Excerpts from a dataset
--------

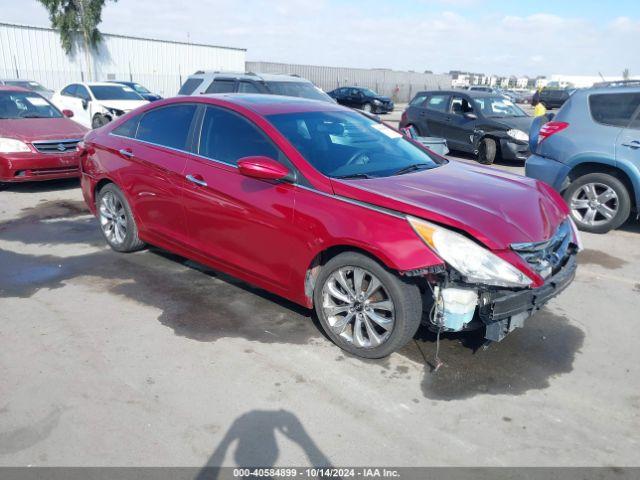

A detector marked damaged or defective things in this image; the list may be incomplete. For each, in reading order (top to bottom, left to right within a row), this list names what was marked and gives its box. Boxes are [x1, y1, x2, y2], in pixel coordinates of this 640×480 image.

crumpled hood [0, 117, 87, 142]
crumpled hood [332, 161, 568, 251]
broken headlight assembly [408, 218, 532, 288]
damaged front end [410, 216, 580, 344]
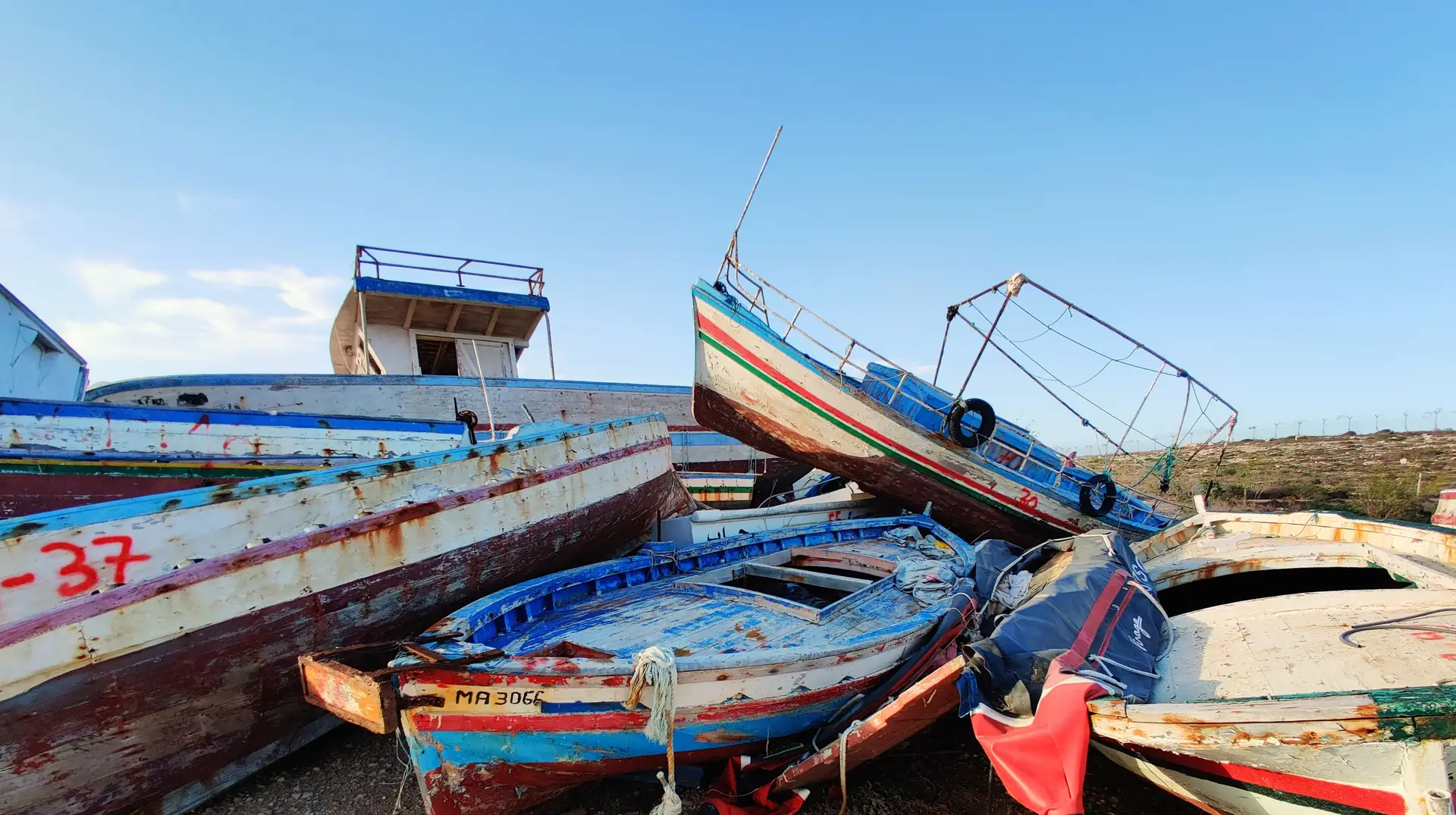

--------

### What to work on
What is needed is an exact reproduction of the data, pictures excluded.

### Solution for this exercise
A detector marked damaged or defective things in this image; the list may be incomplete. For each, in reading order (top to bottom, left to right within a row), this list names what was marked and gives its box. Boxes are [x1, y1, x2, y2], in pixel coordinates of this 640×480 image.

crumpled hood [0, 117, 87, 142]
crumpled hood [332, 161, 568, 251]
broken headlight assembly [408, 218, 532, 288]
damaged front end [410, 216, 580, 344]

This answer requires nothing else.